Entries supplied Block Start
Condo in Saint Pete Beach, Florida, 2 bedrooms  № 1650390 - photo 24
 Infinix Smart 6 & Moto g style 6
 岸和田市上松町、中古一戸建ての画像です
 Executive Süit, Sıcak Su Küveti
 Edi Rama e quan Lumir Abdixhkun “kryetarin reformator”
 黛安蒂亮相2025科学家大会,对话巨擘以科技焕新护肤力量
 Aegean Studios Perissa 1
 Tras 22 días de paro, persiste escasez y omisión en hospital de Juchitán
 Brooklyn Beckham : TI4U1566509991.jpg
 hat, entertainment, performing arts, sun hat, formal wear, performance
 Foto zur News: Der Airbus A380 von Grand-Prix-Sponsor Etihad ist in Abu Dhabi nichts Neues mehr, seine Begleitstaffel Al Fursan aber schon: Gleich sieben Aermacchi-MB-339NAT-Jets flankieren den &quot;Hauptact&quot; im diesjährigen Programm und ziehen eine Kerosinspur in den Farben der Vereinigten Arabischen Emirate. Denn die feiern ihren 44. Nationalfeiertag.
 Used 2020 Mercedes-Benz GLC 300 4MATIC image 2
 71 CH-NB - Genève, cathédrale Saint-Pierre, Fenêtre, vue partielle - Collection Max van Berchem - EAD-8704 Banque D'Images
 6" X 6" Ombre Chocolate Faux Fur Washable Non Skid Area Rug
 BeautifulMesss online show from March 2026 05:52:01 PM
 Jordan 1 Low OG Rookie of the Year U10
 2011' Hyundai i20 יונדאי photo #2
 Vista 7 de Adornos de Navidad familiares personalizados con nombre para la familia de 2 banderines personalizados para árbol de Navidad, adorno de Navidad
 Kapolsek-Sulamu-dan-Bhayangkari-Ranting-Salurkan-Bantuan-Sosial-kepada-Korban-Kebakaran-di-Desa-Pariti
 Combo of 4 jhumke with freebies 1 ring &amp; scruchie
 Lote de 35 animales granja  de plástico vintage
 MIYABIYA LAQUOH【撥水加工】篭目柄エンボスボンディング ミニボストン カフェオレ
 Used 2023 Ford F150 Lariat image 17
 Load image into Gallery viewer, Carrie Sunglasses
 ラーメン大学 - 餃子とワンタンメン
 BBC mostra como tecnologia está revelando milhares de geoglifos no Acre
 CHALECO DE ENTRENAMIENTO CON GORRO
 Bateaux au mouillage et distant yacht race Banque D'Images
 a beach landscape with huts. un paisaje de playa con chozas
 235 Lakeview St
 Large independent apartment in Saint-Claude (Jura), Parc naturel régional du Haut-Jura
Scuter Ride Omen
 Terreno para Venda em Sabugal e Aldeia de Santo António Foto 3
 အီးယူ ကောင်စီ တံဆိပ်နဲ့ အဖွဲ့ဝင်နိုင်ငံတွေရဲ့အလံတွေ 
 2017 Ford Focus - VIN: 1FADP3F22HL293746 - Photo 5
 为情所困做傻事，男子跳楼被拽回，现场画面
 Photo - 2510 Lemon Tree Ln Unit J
Entries supplied Block End
**Problem:**
Your task is to retype the entries verbatim, starting with the line that holds "Aegean Studios Perissa 1" and stopping after the line that holds "2011' Hyundai i20 יונדאי photo #2".

**Response area:**
 Aegean Studios Perissa 1
 Tras 22 días de paro, persiste escasez y omisión en hospital de Juchitán
 Brooklyn Beckham : TI4U1566509991.jpg
 hat, entertainment, performing arts, sun hat, formal wear, performance
 Foto zur News: Der Airbus A380 von Grand-Prix-Sponsor Etihad ist in Abu Dhabi nichts Neues mehr, seine Begleitstaffel Al Fursan aber schon: Gleich sieben Aermacchi-MB-339NAT-Jets flankieren den &quot;Hauptact&quot; im diesjährigen Programm und ziehen eine Kerosinspur in den Farben der Vereinigten Arabischen Emirate. Denn die feiern ihren 44. Nationalfeiertag.
 Used 2020 Mercedes-Benz GLC 300 4MATIC image 2
 71 CH-NB - Genève, cathédrale Saint-Pierre, Fenêtre, vue partielle - Collection Max van Berchem - EAD-8704 Banque D'Images
 6" X 6" Ombre Chocolate Faux Fur Washable Non Skid Area Rug
 BeautifulMesss online show from March 2026 05:52:01 PM
 Jordan 1 Low OG Rookie of the Year U10
 2011' Hyundai i20 יונדאי photo #2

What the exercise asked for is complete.